Are exempt from the provisions of data protection principle 6 and section 18(1)(b) where the application of those provisions to the data would be likely to-

(i) prejudice any of the matters referred to in this subsection; or

(ii) directly or indirectly identify the person who is the source of the data.

(2) Personal data are exempt from the provisions of data protection principle 3 in any case in which-

(a) the use of the data is for any of the purpose referred to in subsection (1)(and whether or not the data are held for any of those purposes); and

(b) the application of those provisions in relation to such use would be likely to prejudice any of the matters referred to in that subsection,

And in any proceedings against any person for the contravention of any of those provisions it shall be a defence to show that he had reasonable grounds for believing that failure to so use the data would have been likely to prejudice any of those matters.


The judge held that "… unlawful or seriously improper conduct…." extended beyond criminal conduct to include civil wrongs and that included tortious conduct such as copyright infringement. Further, the use of the data was clearly for the purpose of prevention, preclusion or remedying of the copyright infringements of the plaintiffs’ musical works.


Within the individual licenses of each of the defendants with the Telecommunications Authority there is a clause to the effect that "Licensees shall not disclose information of a customer except with consent of the customer….for the prevention or detection of crime or the apprehension or prosecution of offenders or except as may be authorized by or under law."

In interpreting "…as may be authorized by or under law.." the judge held that there could be no breach of such a clause where the defendants were made to disclose the data pursuant to a court order made.

The judge concluded that granting the relief sought would not have the effect of compelling the defendants to act in breach of either the Personal Data (Privacy) Ordinance or their duty of confidentiality under their licence. An order against the defendants for discovery of the data sought was thus granted by the judge.

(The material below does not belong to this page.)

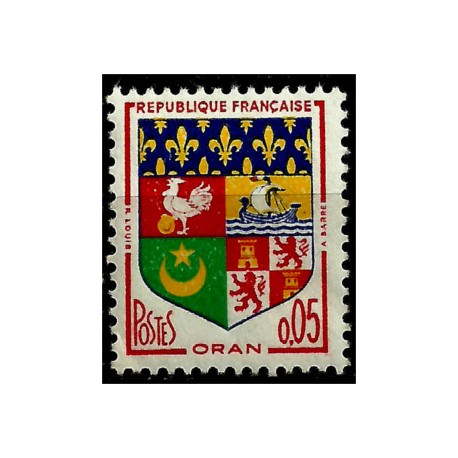 (973) Francia. 1960. 5 Centimes. Oran (Nuevo)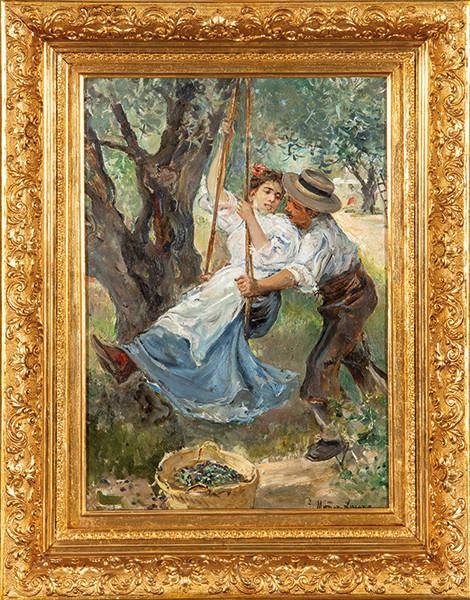 Tomás Muñoz Lucena | El columpio | MutualArt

The plaintiffs were ordered to pay the defendant’s costs of the action on an indemnity basis and costs of compliance with the order on an indemnity basis and reimburse the defendants for all other reasonable cost of compliance of the order.

7. Cinepoly Records Co. Ltd & others v. Hong Kong Broadband Network Ltd & Others HCMP 943/2006 date of judgment 28 August 2006

The judge in this case agreed with the ruling in the earlier case of HCMP2487/2005 and granted an order to the Plaintiffs for the disclosure by the Defendants of the full names, postal addresses and identity card numbers of 49 internet account subscribers suspected of online copyright infringement.

The content of this article is intended to provide a general guide to the subject matter. Specialist advice should be sought about your specific circumstances.